Is dit uniek voor Nederland? Deels (zoals het polderen) wel, maar we zien een aantal van deze krachten zelfs aan het werk bij het veelgeroemde Gov.uk in het Verenigd Koninkrijk. Ik ben een groot fan van Gov.uk en de wijze waarop de Government Digital Service (GDS) één online portal voor de hele overheid heeft weten te organiseren. Ik woon zelf in het Verenigd Koninkrijk en heb zowel als burger en als ondernemer vaak met Gov.uk te maken. Ik moet zeggen, als ‘toegankelijke toegangspoort’ werkt het geweldig. Probleem is dat het met het vervolg van de klantreis vaak een stuk minder goed gesteld is. Zo is de informatie over sociale woningen op Gov.uk goed en eenvoudig gestructureerd, maar is de daadwerkelijke aanvraag op de site van de gemeente (council) waar ik woon, een kwestie van een 18 pagina’s tellend pdf-formulier downloaden (voor de geïnteresseerden, hier het formulier), invullen en opsturen. Dit is slechts één voorbeeld. Het downloaden van formulieren, of zelfs het aanvragen van papier, is eerder regel dan uitzondering en mijn eigen ervaring suggereert dat ook de toegangelijkheid via de telefoon, persoonlijk, of via e-mail, nog wel wat te wensen overlaat.
Dus hoewel Gov.uk een goed voorbeeld is, en we veel kunnen leren van de aanpak die de GDS gevolgd heeft (zie ook iets verderop), moeten we ons niet blindstaren op dit voorbeeld en er vanuit gaan dat we door het goed en eenvoudig organiseren van informatie de toegankelijkheid van de overheid goed kunnen organiseren.
Hoe dan wel?
Het succes van de GDS met de uitvoer van (in dit geval) Gov.uk kan voor een groot deel verklaard worden door een aantal factoren (lees ook vooral hun eigen blog voor meer hierover). In mijn optiek zijn de volgende belangrijk:
- Een zeer gedreven en gemotiveerd team van divers pluimage met de veelheid aan vaardigheden nodig om informatie kundig om te zetten en vorm te geven.
- Een (relatieve) onafhankelijkheid die het mogelijk maakt om boven de partijen uit te stijgen en vanuit een min of meer neutrale omgeving te werken aan verbetering.
- De middelen om het werk gedurende langere tijd uit te voeren.

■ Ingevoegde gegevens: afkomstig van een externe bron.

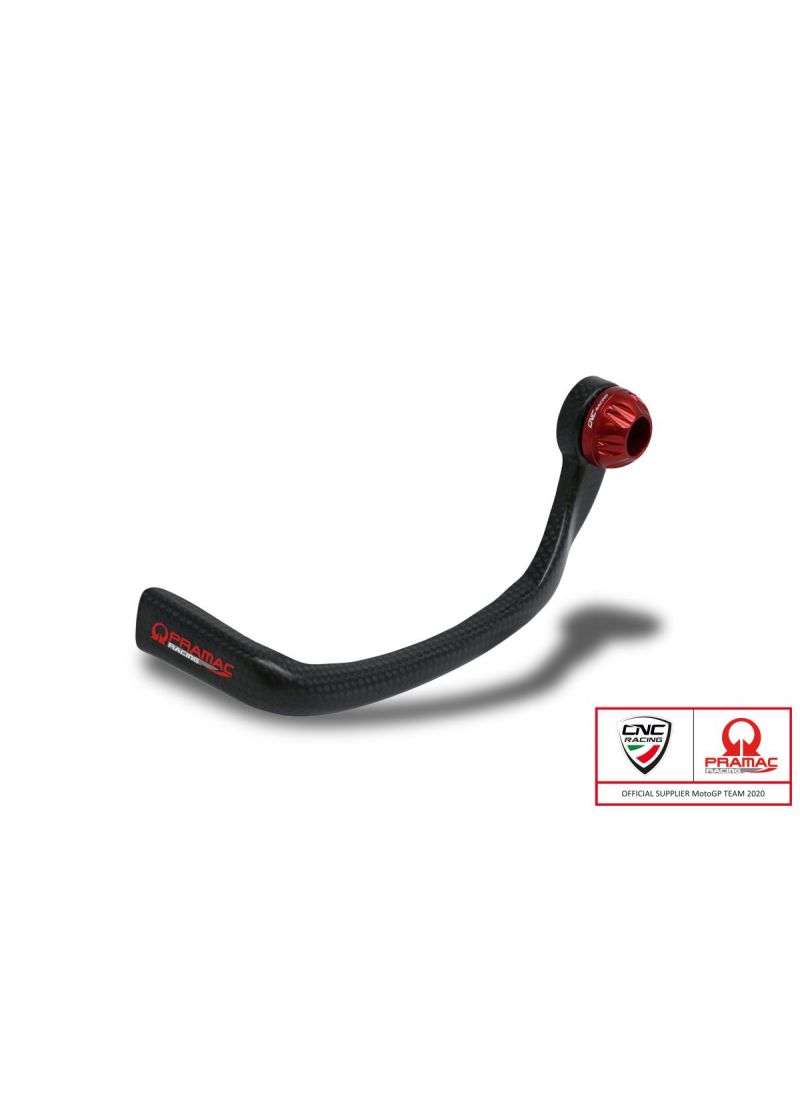 Carbon Clutch Lever Protector Pramac Racing Edition - CNC Racing Ducati Diavael V4 Bentley (2024)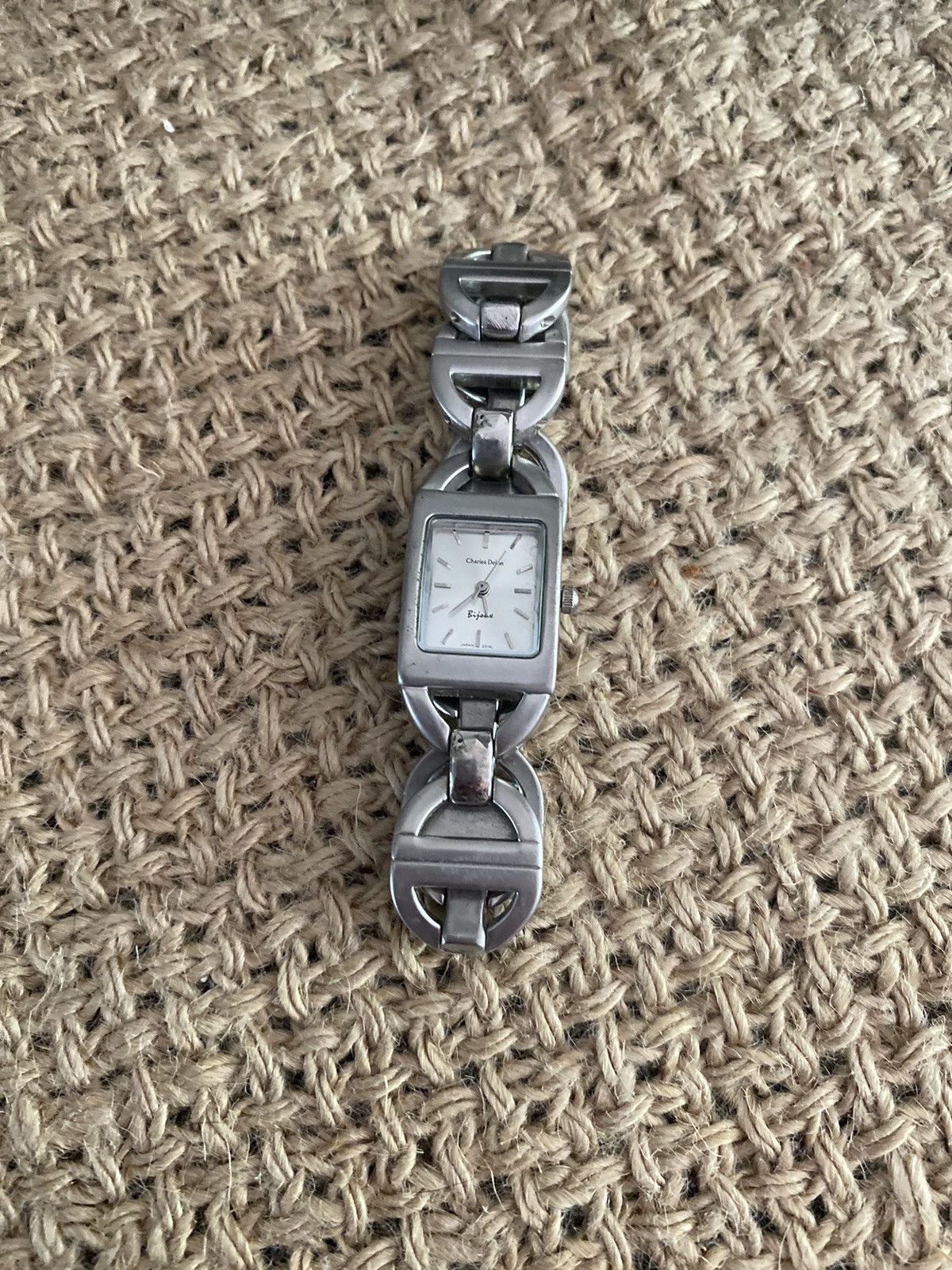 Other BEAUTIFUL CHARLES DELON BIJOUX QUARTZ SILVER BRACELET WATCH Size ONE SIZE - 11 Thumbnail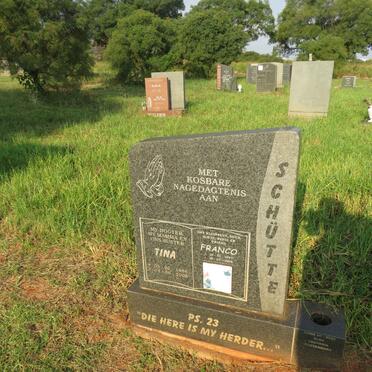 SCHUTTE Tina 1966-2008 :: SCHUTTE Franco 1997-2016 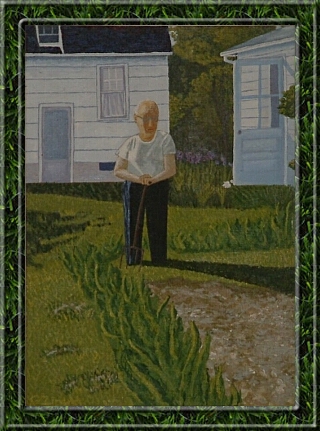 Old Man with No Shoes - 1971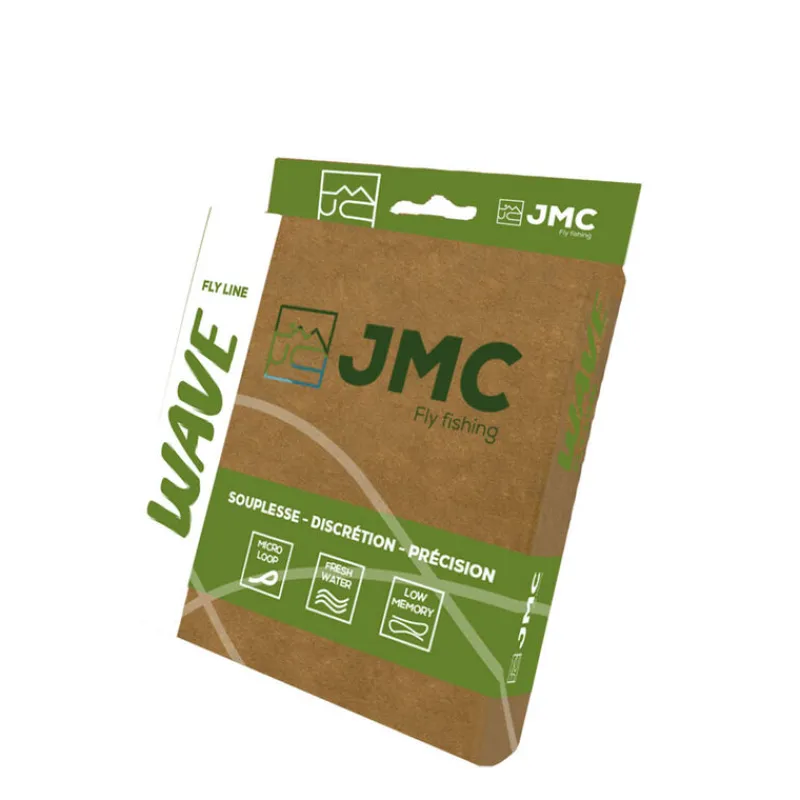 Soie - JMC Soie Flottante Wave WF Mint Green 30m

- Een (zeer) duidelijk mandaat en commitment van hoog in de bestuurlijke organisatie om gov.uk te organiseren
Vooral die laatste is in mijn optiek van belang. Dat verzin ik niet zelf, maar het komt uit de mond van Neil Williams, voormalig hoofd Gov.uk. In zijn optiek was het het mantra ‘Revolution, not Evolution’ [5] gekoppeld aan een mandaat ondersteund door de hoogste lagen van de overheid dat het uiteindelijke success van Gov.uk vormgaf.
Hoewel het succes van Gov.uk nauwelijks te betwisten valt, kun je tegelijkertijd stellen dat het niet ver genoeg gaat. Vandaar ook mijn stellingname dat, als je dit echt goed wilt doen, je een “GDS” moet optuigen in Nederland, met een mandaat dat nog verder gaat dan dat in het Verenigd Koninkrijk. Deze GDS moet zich:
- niet alleen met de (eerstelijns) informatiediensten bezighouden, maar ook met de daaropvolgende transacties en verdere afhandeling (zeg maar de hele klantreis). Hiermee sluit ik me graag aan bij de wijze woorden van Larissa Zegveld die beargumenteert dat we niet alleen de burger centraal moeten stellen, maar ook de achterliggende wetgeving, systemen en werkwijzen moeten aanpassen.
- ook bemoeien met de ondersteuning aan de burger via de andere dienstverleningskanalen en ervoor zorgen dat de burger op zijn minst de hulp krijgt die nodig is (al dan niet via koud of warm doorverwijzen).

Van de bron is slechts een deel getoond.